* _What is required_:
Since the copy must hold text only, transcribe the data below exactly and omit the images.

* _Collected data_:
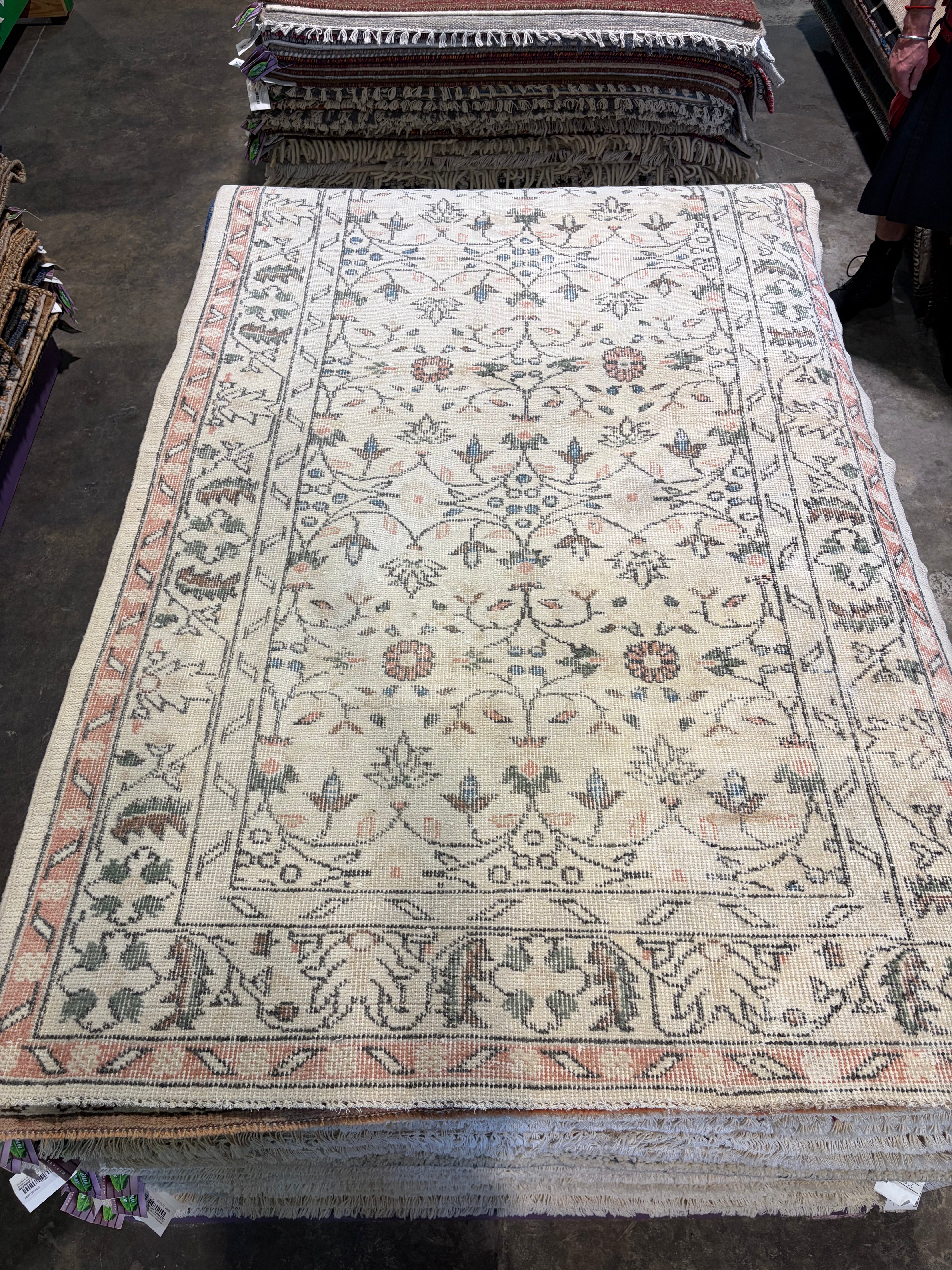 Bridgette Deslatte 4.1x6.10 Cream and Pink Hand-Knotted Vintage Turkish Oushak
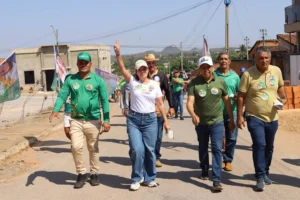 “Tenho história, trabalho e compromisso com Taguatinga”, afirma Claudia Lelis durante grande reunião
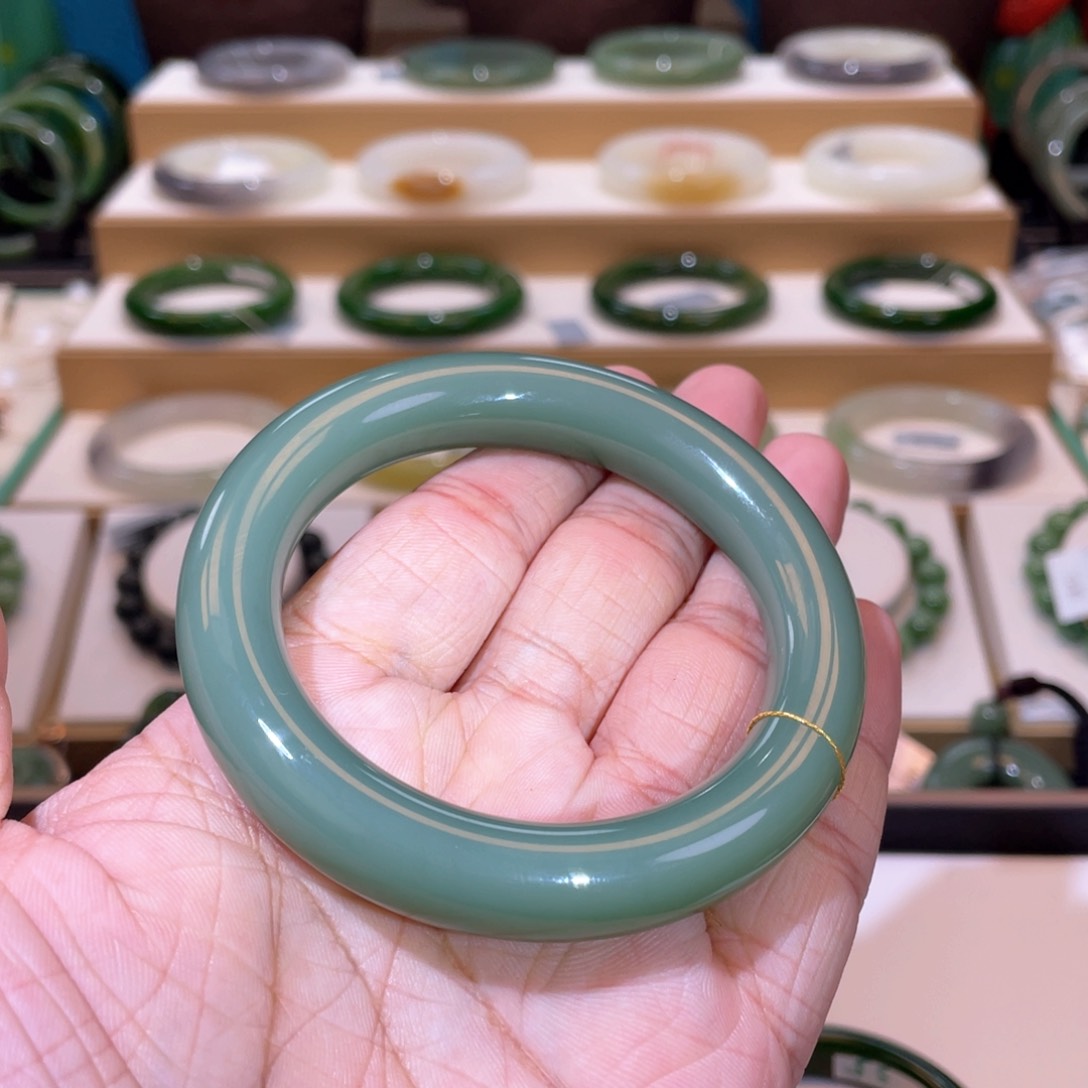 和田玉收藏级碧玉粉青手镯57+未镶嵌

* _Output of the task_:
 Bridgette Deslatte 4.1x6.10 Cream and Pink Hand-Knotted Vintage Turkish Oushak
 “Tenho história, trabalho e compromisso com Taguatinga”, afirma Claudia Lelis durante grande reunião
 和田玉收藏级碧玉粉青手镯57+未镶嵌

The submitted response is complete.